We learn from boingboing today that Judith Scott, who I found out about only a month ago, has passed on. If you didn't look then, look now.
(is death the only thing I post about these days? death and art, doing their dance.)

What I've learned this month is that the best photographs being made are all hidden in photo agency websites. You wonder where the good pictures are, that's where they are. Like this story about the houses left in Aceh province after the tsunami, shot by Tim Hetherington, for/through Panos.
I skimmed the Times lovefest about Hirst on the train this morning, but then went back to read it again after finding this Times of London story covering the same ground (via How We Work via mefi).
NY Times: "He readily admits that, as in the case of many artists working today, while his hand is involved in every painting, some of his assistants - most of whom are trained artists - do some of the painting for him. "I have a great team," he said."
Times of London: "The teams of assistants do most of the bread-and-butter copying — "If it was me I'd paint it monochrome and stick a fag packet in the middle" — and Damien patrols the results, jazzing up this and that: a dab here, a daub there. He's just been working on the blood pouring down from a football hooligan's face and takes me over to inspect his handiwork. He's been adding glazes. Making it look more bloody.
Don't the assistants get upset when he dabs about with their paintings? Doesn't he sometimes spoil what's there? All the time, he giggles, proudly, but they are not their paintings, they're his. And to ensure this is clear, he swaps the assistants around from picture to picture so nobody is ever responsible for the whole thing. Smart strategy."

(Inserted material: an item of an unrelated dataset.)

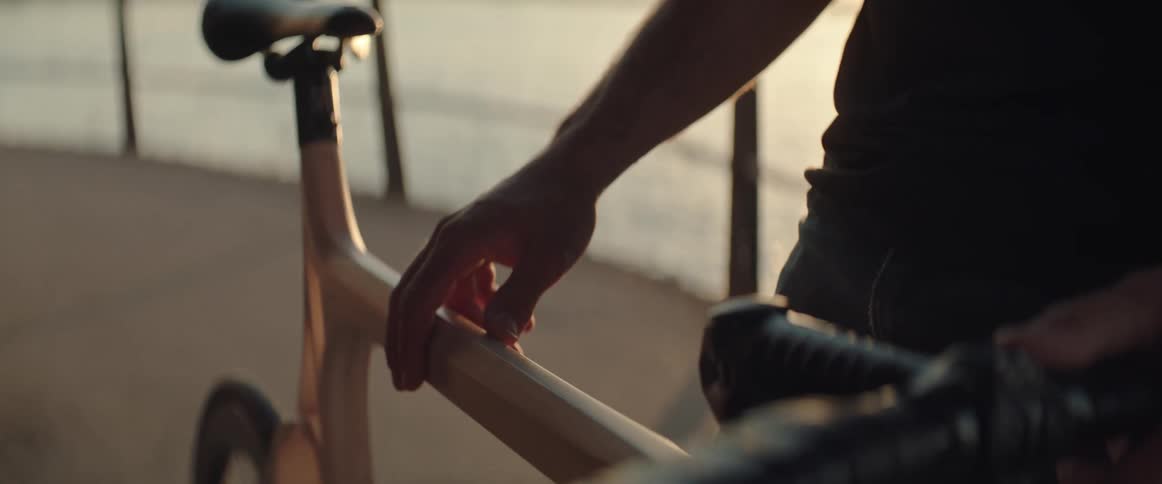 Man slides hand over the frame of a bicycle next to he ocean at sunset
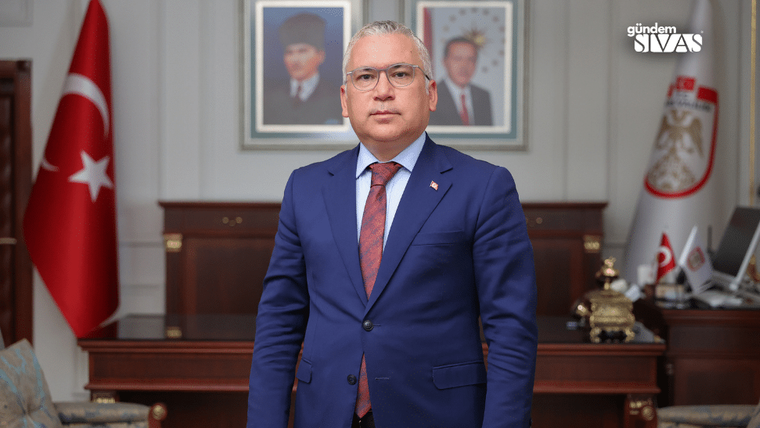 Takım elbiseli bir kişi, Türk bayrağı ve flamaların bulunduğu bir ofiste kameraya bakıyor.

When the Tibor Kalman retrospective was up at the New Museum, back in 2000, a friend gave me a souvenir chocolate bar, which I have treasured and/or displayed ever since. The mouse got to it over the weekend. Chocolate and Tibor now both safely in heaven. May they both rest in peace.
I have always meant to write about Tibor here, as glancing as my meeting with him was, he is an outsize force. What would Tibor do? Well, Peter Hall's book is a good place to start with that one. I went looking for the illustrated "lives" piece Maira K. did after Tibor died, but can't find it online; instead, there's a New Yorker lecture and slide show she gave in 2001, which is about her, not him, but he peeks through and she is plenty interesting.
I also found this set of quotes & links about Tibor, his career, his beliefs, his death. Half of the links are themselves dead, which is perverse and funny. The Web is as fragile as we are.
Overheard in Brooklyn:
Mail carrier, on her cel: "Well what would be better, being divorced?"

Brutal anti-landmine ad, set at a nice girls' soccer match. (wmv file) The ad is brilliant in its way, but also leads me back to Juan Cole's If America Were Iraq post.
If two is a trend, then the trend is the teetering brink of American exceptionalism.
[oh, that sounds weighty and self-important. It is meant only to frighten.]

You may remember the Spring 2002 number of Cabinet, the Property issue; for a penny (I think), you could buy a Cabinet-magazine-page-size piece of land in the desert outside Deming, NM. The magazine held on to other parts of the their ebay-bought parcel ("cabinetlandia") for future projects. One of of those has been realized, the Cabinet Library, by a reader, Matthew Passmore. "The arced wall is approximately 15 feet long on either side of the cabinet. As viewed from the backside, the library appears as a gently-sloping mound rising from the desert floor, and is almost entirely camouflaged from view."
Borges: "My solitude rejoices in this elegant hope."
Cohen: "You’re living for nothing now, I hope you’re keeping some kind of record."
6th & 23rd, woman on cel: "He is so pumped on banking."
26th by the flea market: "Honey, shout if you see any glass animals"
j. crew salesguy, lacing shoes, to me: "Do you go under first?"